Ganarse la vida, en tierra campesina, era muy difícil. Pollença era tierra de emigrantes, de personas deseosas de una mínima estabilidad económica. Donís Bennàssar había nacido para ser artista. Pero la sociedad quería que fuese cualquier otra cosa, porquerizo, militar de cuchara, paracaidista, pensionista del Estado.
Toda la grisura de la necesidad, como un castillo que hacía imposible el estallido de los colores o de la vida interna. Un hombre que fue, precisamente, porque ninguno de los obstáculos que el mundo puso ante él pudo apagar el fuego que nacía en su corazón.
Hay artista que son importantes por sus gestos civiles, por lo que piensan, por lo que escriben. Dionís Bennàssar sólo es importante como hombre de bien y como pintor.
Sin los pinceles en la mano era como cualquier otro pollensín, un poco descreído, con una formación que en su caso no era nada del otro mundo – habría sido inhumano exigirle que lo fuese- pero que encarnaba los profundos sentidos morales de las virtudes de la tradición y el progreso.
Y que además de todo esto tenía una sensibilidad excepcional para la belleza, para la composición, para el sentido del color. Cosa que le permitía ser, más allá de la modestia, la sencillez, las modas y el éxito, un artista realmente extraordinario.
Con el paso de los años el legado artístico de Dionís Bennàssar no ha hecho más que crecer. Mientras que otras famas han quedado sepultadas en el silencio, o entre la indiferencia general, su obra ha ganado en aprecio general, y, porque no decirlo, en actualidad.
Lo que hasta cierto punto era, en su época, ruptura o inconformismo, ahora se ha hecho patrimonio estético común, entidad corpórea de nuestra manera colectiva de ver las cosas.

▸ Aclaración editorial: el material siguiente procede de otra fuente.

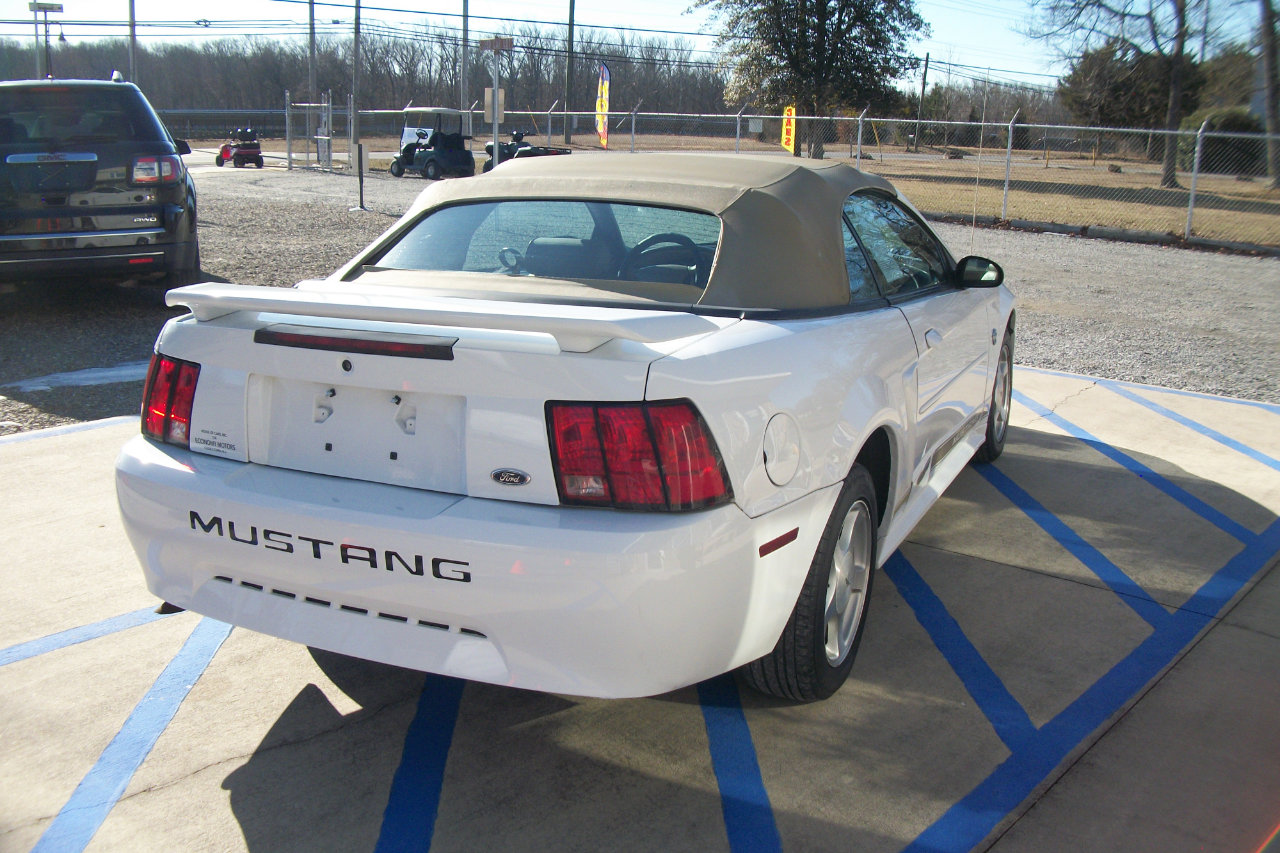 Used 2004 Ford Mustang Deluxe Convertible image 3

De ser, en la superficial apreciación de alguien, un epígono de la denominada, y para mí inexistente, escuela pollensina de pintura, o un segundo más o menos aprovechado de los maestros que pasaron por Pollença -Anglada sobre todo- por el paso del tiempo ha decantado la originalidad esencial de Dionís, su búsqueda constante, la fuerza cósmica de su lenguaje, la sinceridad que lo llevaba a dar todos y cada uno de sus pasos.
Hoy ya entre las estrellas del clasicismo, Dionís Bennàssar es un pintor que cada día gana en capacidad de testimonio, de fidelidad en su apreciación de la forma y del paisaje, cada vez más singular y diferenciado de otros artistas de su momento. Se desvanece el rastro, de todas formas perenne, del hombre, y emerge, eterna y divinizada, (haciendo olvidar las desigualdades, el escaso rigor en la elección) la creación imprescribtible del gran maestro.

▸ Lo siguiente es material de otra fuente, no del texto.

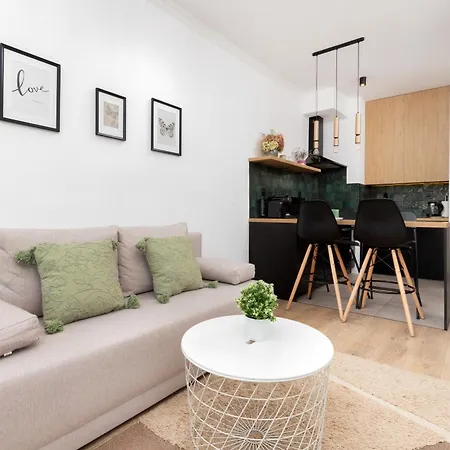 Starowiejska With Balcony Next To Arena Stadium By Renters グダニスク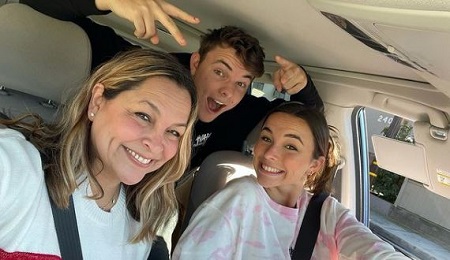 Pierson Wodzynski Wiki | Height, Age, Boyfriend, Family, Biography & More 11 Pierson Wodzynski with her mother Karin Wodzynski and brother Logan Wodzynski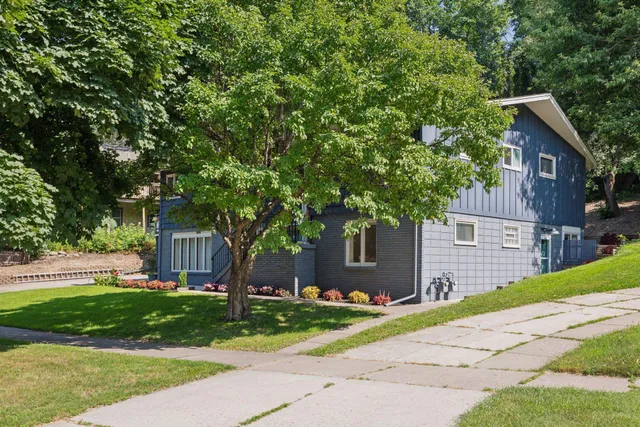 $749,900 | 1013 Kenwood Parkway, Minneapolis, MN 55403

Si Dionís Bennàssar hubiese vivido hoy, en una época en la cual los medios de comunicación crean y destruyen a cada instante glorias artísticas, su nombre se hubiera proyectado por doquier.
Desgraciadamente, la propia dificultad de los días que le tocó vivir lo mantuvieron en un ambiente limitado que muy poco tenía que ver con sus méritos reales y mucho con la falta de condiciones objetivas para el ejercicio del arte como profesión autónoma.
De todas formas, al final, la verdad no permanece esclavizada por la tiranía del dinero. El arte emerge siempre. Ars longa, vita brevis y los méritos de Dionís Bennàssar, su dionisíaca aportación plena de dicha por vivir, de táctil embrujo por las cosas y por el color, es ya una aventura autónoma que sigue un destino inexorable.
Artista de verdad, ejemplo de cómo el espíritu puede vencer, a contracorriente, todos los imponderables circunstanciales. Dionís Bennàssar, gracias a su obra perenne, sobrevive entre nosotros.